* _ABOUT THIS TASK_: Give the listing again word for word. Leave every image out.
-- DATASET EXTRACT follows --
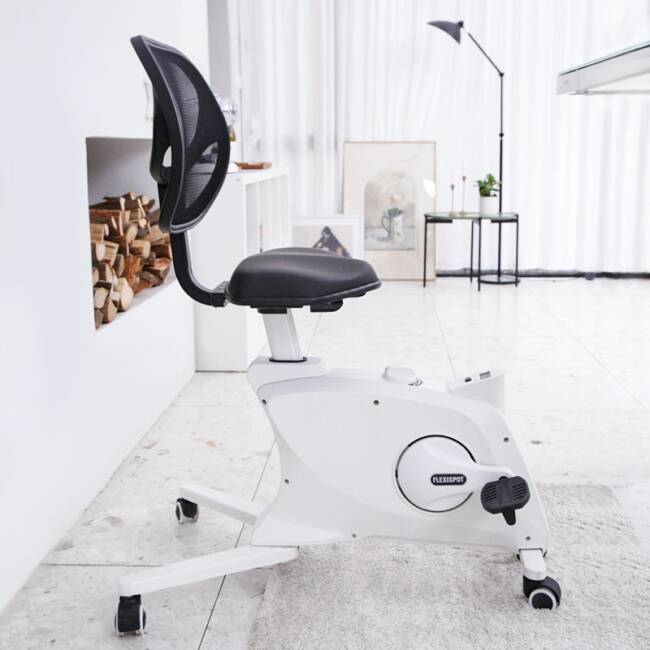 Flexispot Sit2Go 2-in-1 Fitness Chair Review: Lets You Stay Productive and Keep in Shape 1 The Flexispot Sit2Go 2-in-1 Fitness Chair in white.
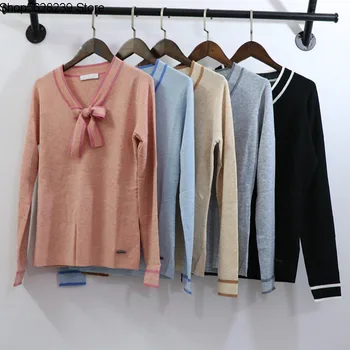 

Single Ribbon Collar Bow Comfortable Silk Wool Joker Round Neck Long Sleeve Slim Knitting Shirt Women's Top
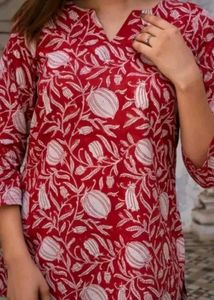 Stylish Red Printed Kurti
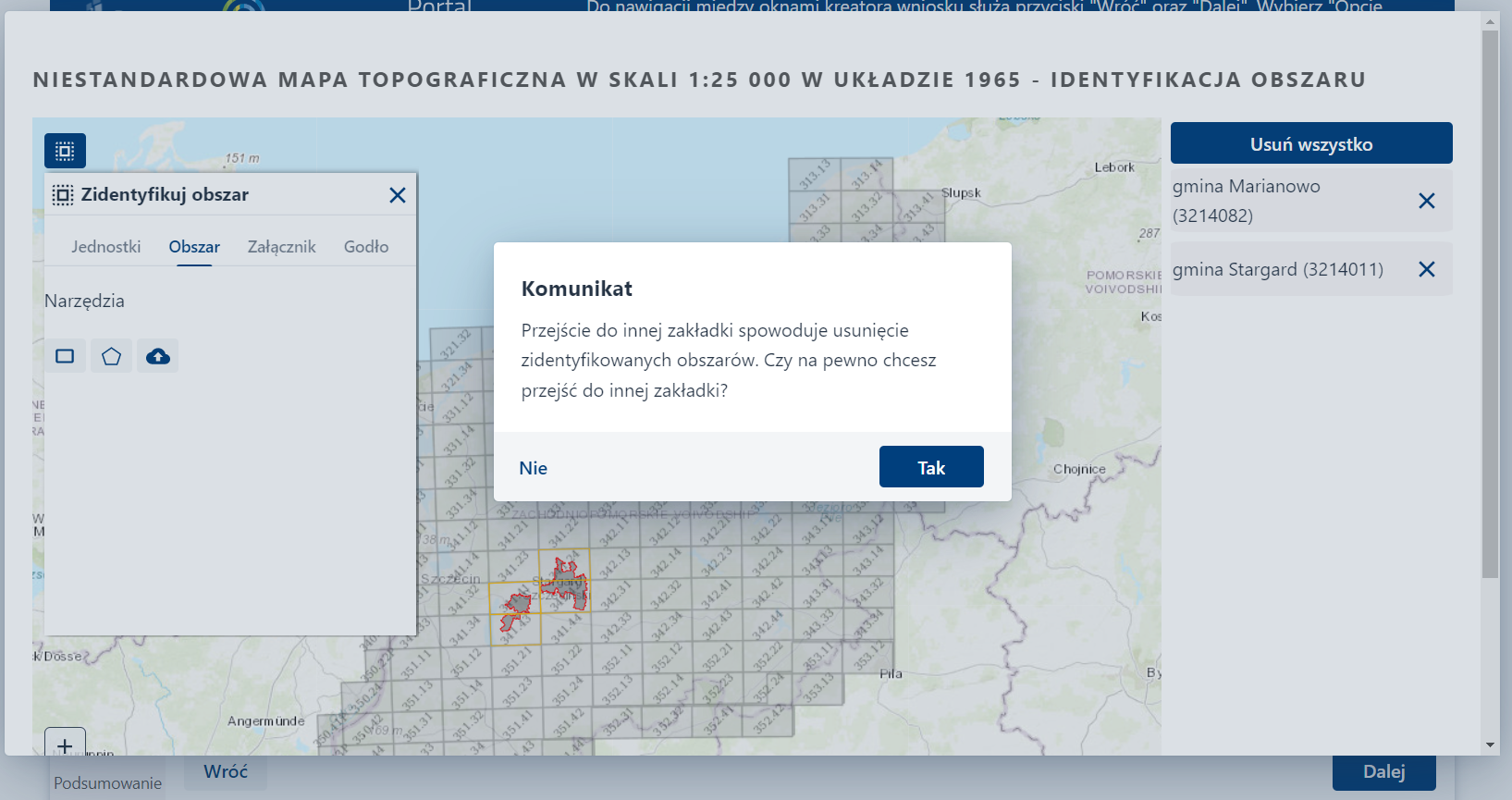 Zidentyfikuj obszar – komunikat przy zmianie zakładki Zidentyfikuj obszar – komunikat przy zmianie zakładki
-- DATASET EXTRACT concluded --
* _TASK RESPONSE_:
 Flexispot Sit2Go 2-in-1 Fitness Chair Review: Lets You Stay Productive and Keep in Shape 1 The Flexispot Sit2Go 2-in-1 Fitness Chair in white.

Single Ribbon Collar Bow Comfortable Silk Wool Joker Round Neck Long Sleeve Slim Knitting Shirt Women's Top
 Stylish Red Printed Kurti
 Zidentyfikuj obszar – komunikat przy zmianie zakładki Zidentyfikuj obszar – komunikat przy zmianie zakładki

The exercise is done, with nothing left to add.